Policy actions  2 of 5

Movement of plants and plant products

To try to prevent the introduction of pests and diseases there are strict rules controlling the movements of plants and plant products.

Within the EU

Within the European Single Market, plant health checks are focused on the place of production.

There are no border checks for plants and plant products travelling between EU member states, although spot checks may take place anywhere in the trade chain.

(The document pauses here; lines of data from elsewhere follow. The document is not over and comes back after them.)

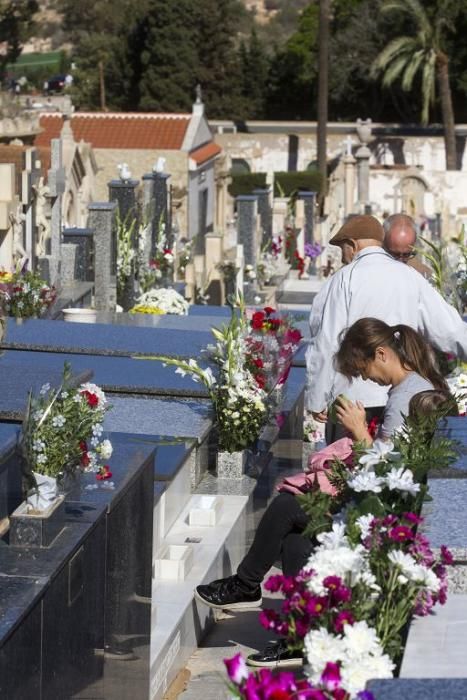 Día de Todos Los Santos en el cementerio de Los Remedios (Cartagena)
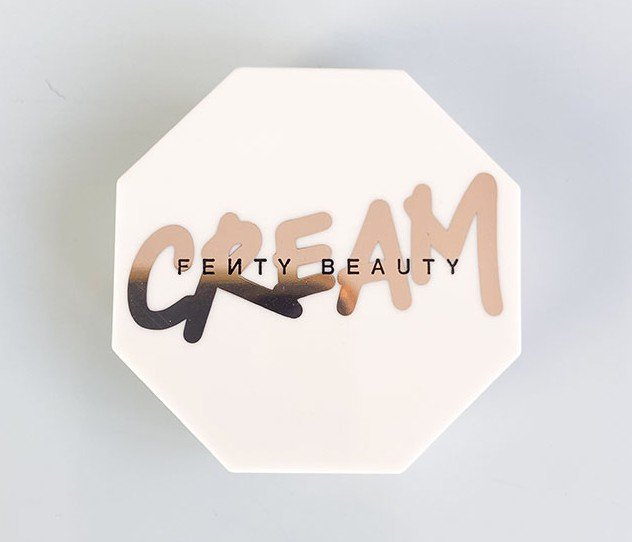 Resenha Blush Fenty Beauty Cheeks Out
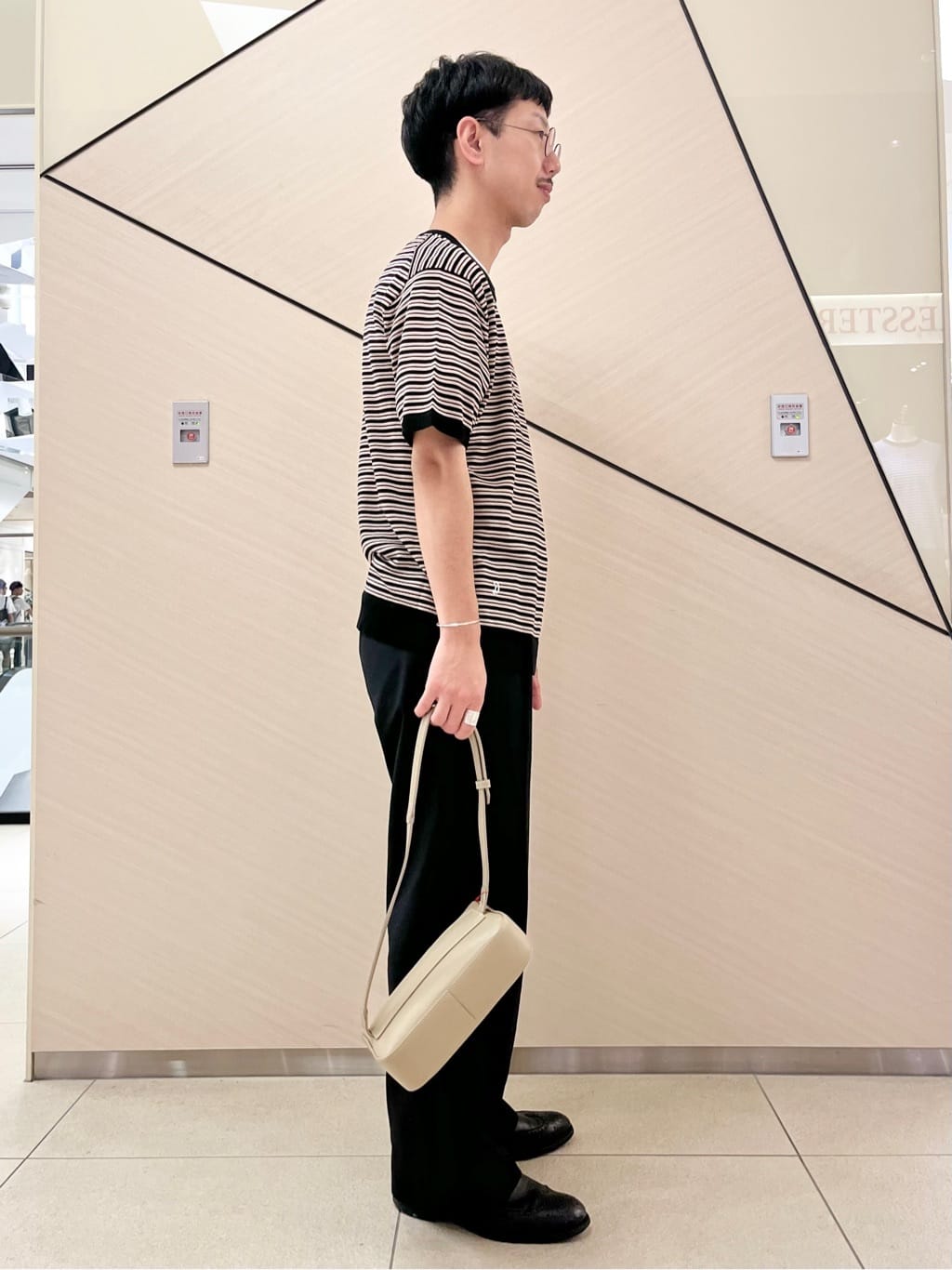 小山凌さんの「DRESSTERIOR｜」を使ったコーディネート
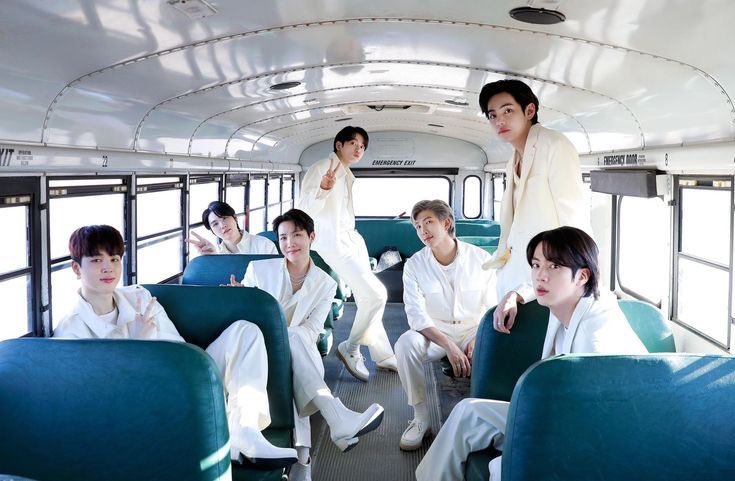 tanniekosmossss's tweet photo. BTS awards at 37th Golden Disc Awards:

• Thai Fans Support With Baoji (JHOPE)
• TikTok ‘Most Popular Artist’
• Best Album’ Bonsang 
• Best Digital Song (Bonsang) - That That’
• Album Of The Year (Daesang) 

Congratulations BTS. BTS LIVING LEGENDS. BTS IS THE STANDARD! https://t.co/DqL8c4BLXp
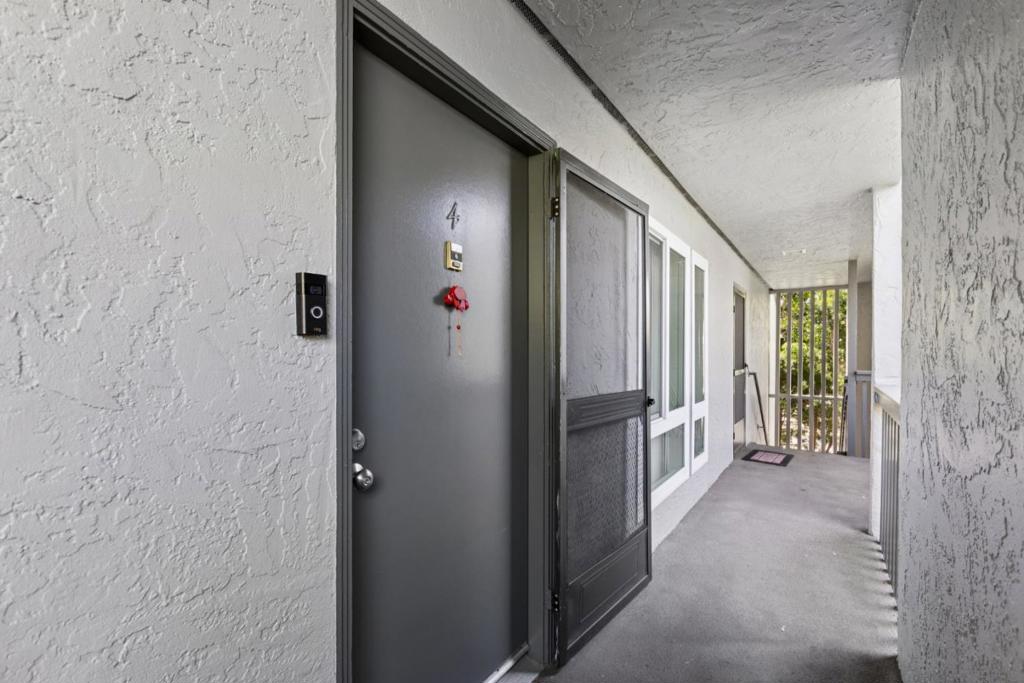 1411 Oxford Street Property Photo 16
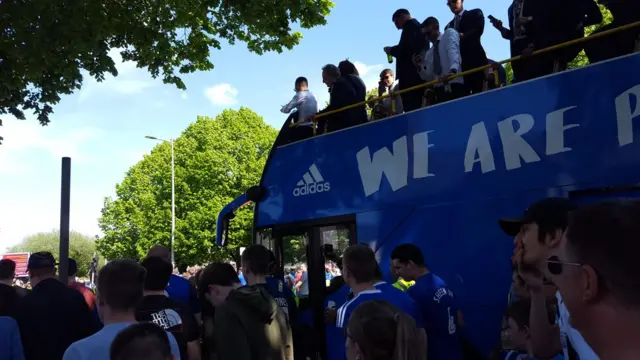 Cardiff City Bus, Neil Warnock in silhouette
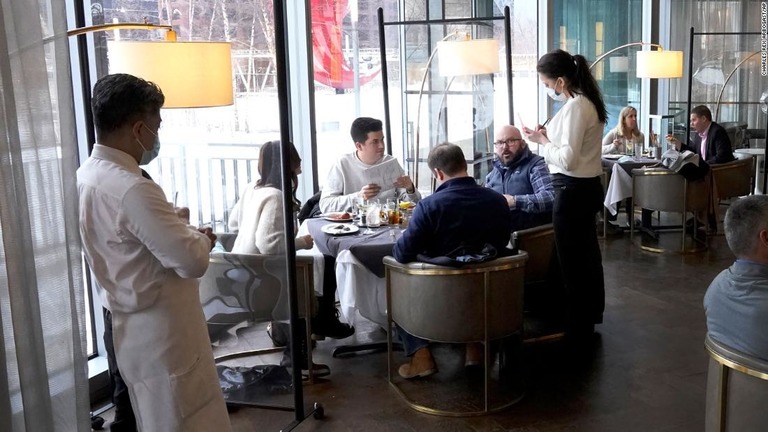 シカゴのレストランの店内で食事を楽しむ人々。米国の一部の地域では新型コロナの感染状況が改善し制限を緩め始めている＝１月２７日/Charles Rex Arbogast/AP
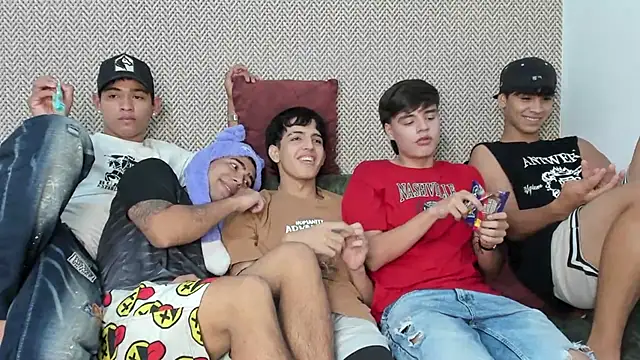 jhoseth sexxx18 online show from February 6, 2025, 7:07 pm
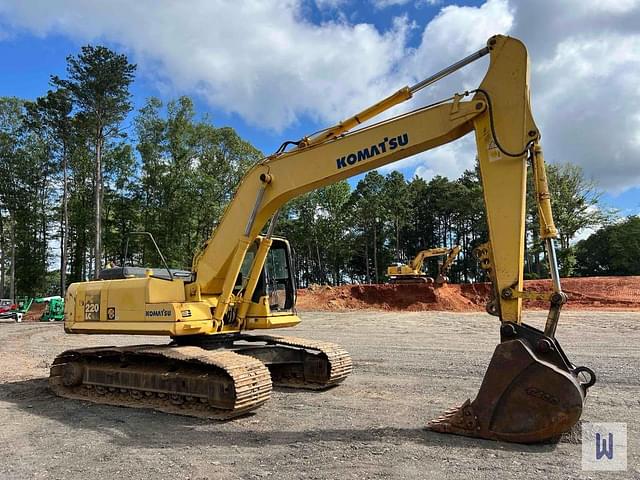 Image of Komatsu PC220LC-7 equipment image 2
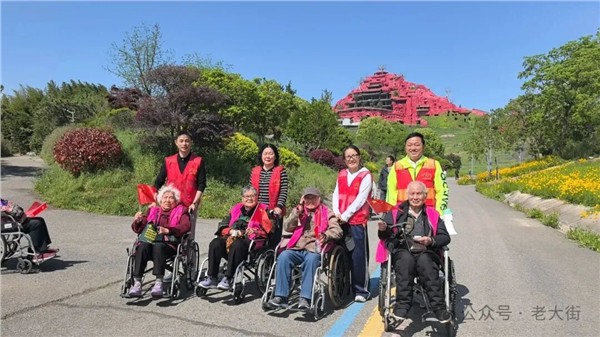 杨晓培：从火车司机到志愿一线   无私情怀续写人间大爱——记蚌埠市心连心志愿者协会会长张红卫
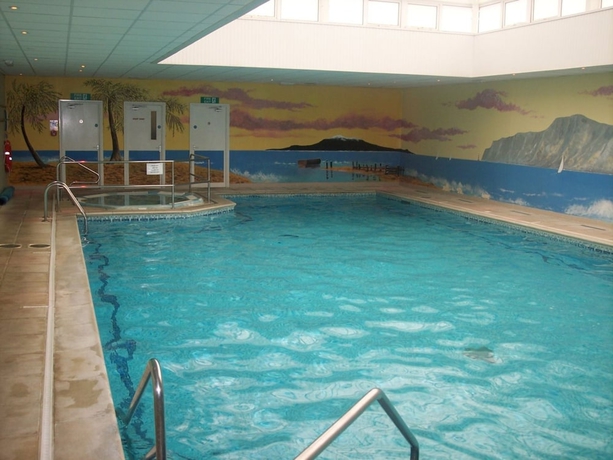 Imagen de la piscina del Hotel Oliver Cromwell. Foto 19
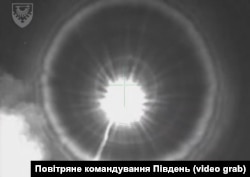 Розвідувальний дрон РФ вибухає в повітрі на Південному напрямку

A limited range of material which host the most serious quarantine pests and diseases requires a 'plant passport' to facilitate its movement. Where required, a passport is needed both for movements within and between member states, and additional requirements apply for movements into and within EU Protected Zones.

Read more at: Plant health guide: plant passporting and marketing requirements

Imports from outside the EU

Importers must ensure that consignments are accompanied by appropriate documentation from the plant health authority of the country of origin. This will be checked by a plant health inspector before the consignment can be cleared by Customs.  All consignments should be notified to Horticulture and Marketing Unit at hort.marketing@gov.scot at least 3 days before arrival.

Read more at:  Plant health guide: guidance for importers

Moving plants through England or Wales

Read: Plant health controls, imports and exports on the gov.uk site

Private individuals bringing plants into the UK

If you are travelling from another country there are restrictions on the plants or plant products you are allowed to bring into the UK.  Read more: Bringing food, animals or plants into the UK

Taking plants out of the UK and outside the EU

Many countries outside the EU have rules restricting the plants and plant products that you can take into the country, and there may be heavy penalties for carrying banned items. The Foreign & Commonwealth Office's Travel Advice provides initial advice and links to the relevant national authorities.